Below that, it becomes more difficult or expensive to get credit from them. Borrowers with a poor credit history can apply for a car loan through alternative or online lenders. Just be aware that they may charge more and offer less flexible terms. 

Expert advice

!Have a bad credit score, but want to go for a traditional lender? Ask a trusted family member if they can be a co-signer. This makes your co-signer responsible for your loan should you default or miss payments. It reassured lenders and can make all the difference. 

What credit score do I need for a house?

Dreaming of owning a home? The Canada Mortgage and Housing Corporation requires at least one borrower on a mortgage to have a credit score above 600. It underwrites most mortgage loan insurance in Canada, which is required when borrowers have less than a 20 percent down payment. Credit scores under this threshold will have a difficult time finding financing for a new home. 

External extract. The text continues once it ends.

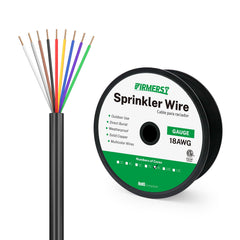 FIRMERST front packaging showing 150ft reel and product details for easy selection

What credit score do I need for a credit card:

There are so many credit cards on the market that borrowers with almost any credit score can get their hands on one. The best credit cards require borrowers to have an above-average salary and a very good to excellent credit score. 

Borrowers with fair to good credit are eligible for many credit cards. 

Expert advice

Borrowers with poor credit scores can try a secured credit card to enjoy the convenience of paying with a card while improving their credit.